Вечером мы прибыли в Пхеньян. Я практически прижалась к окну, но не могла ничего различить сквозь стекло. Выключая свет в купе, я взглянула в черноту: в нескольких окнах на первых этажах странно выглядевшего здания горел свет. Вопреки западному идеалу пентхаусов, которые являются символом богатства и роскоши, в Северной Корее элита жила на первом этаже. Из-за дефицита электроэнергии и, соответственно, отсутствия возможности поехать на лифте добраться до верхнего этажа стало проблемой. Во тьме не светились автомобильные фары, уличные фонари и рекламные щиты – город был практически невидим. Совершенно не создавалось впечатление, что ты прибываешь в крупный транспортный узел. Но когда мы собрали свои вещи и высадились из поезда, я вдруг поняла, что на станции полно народа. Одновременно с нами прибыли еще два поезда, и люди покидали вагоны, которые находились в плачевном состоянии, внутри было тусклое освещение. В полутьме платформы я смогла различить только кучу картонных коробок, бумажных пакетов и детей, привязанных к спинам взрослых, пока гиды направляли нас сквозь толпу к выходу. Вцепившись в руку Джема, я пробиралась вперед, и скоро мы оказались в автобусе, который должен был привезти нас обратно в уже привычный «Янгакто».

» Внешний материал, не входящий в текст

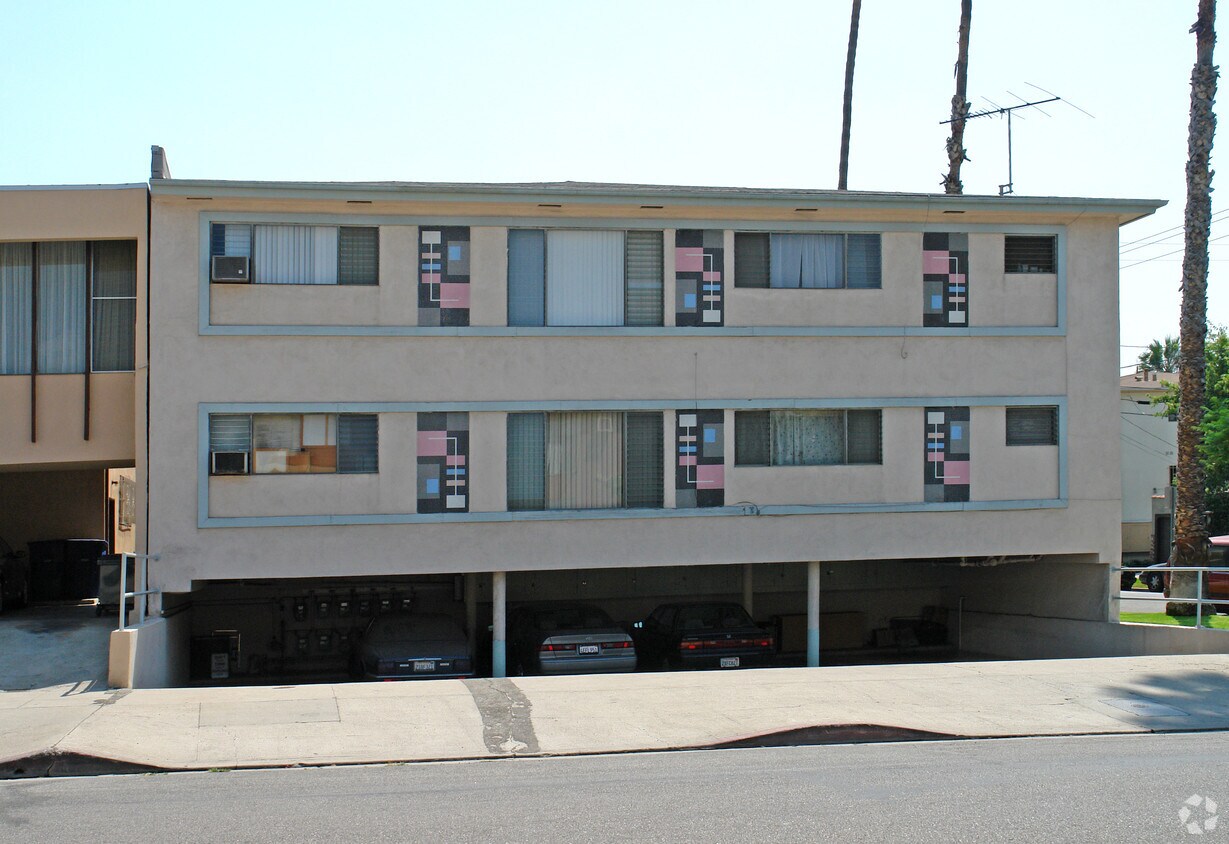 Foto del edificio - 8315 Clinton St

– Мужчины, пожалуйста, все наденьте галстуки и убедитесь, что рубашки заправлены, – сказал Ли. Сам он был в шикарном черном костюме и отполированной обуви. Мы были на пути к мавзолею, и забывший взять с собой галстук, Джем изучал варианты, предложенные ему Виктором, который предусмотрительно взял с собой несколько штук. Анна была одета в платье и туфли на каблуках, в моем же рюкзаке не было ни того, ни другого, поэтому я застегнула флисовую олимпийку и завязала шнурки на несколько бантов – это был максимум, на который я была готова пойти ради Кимов.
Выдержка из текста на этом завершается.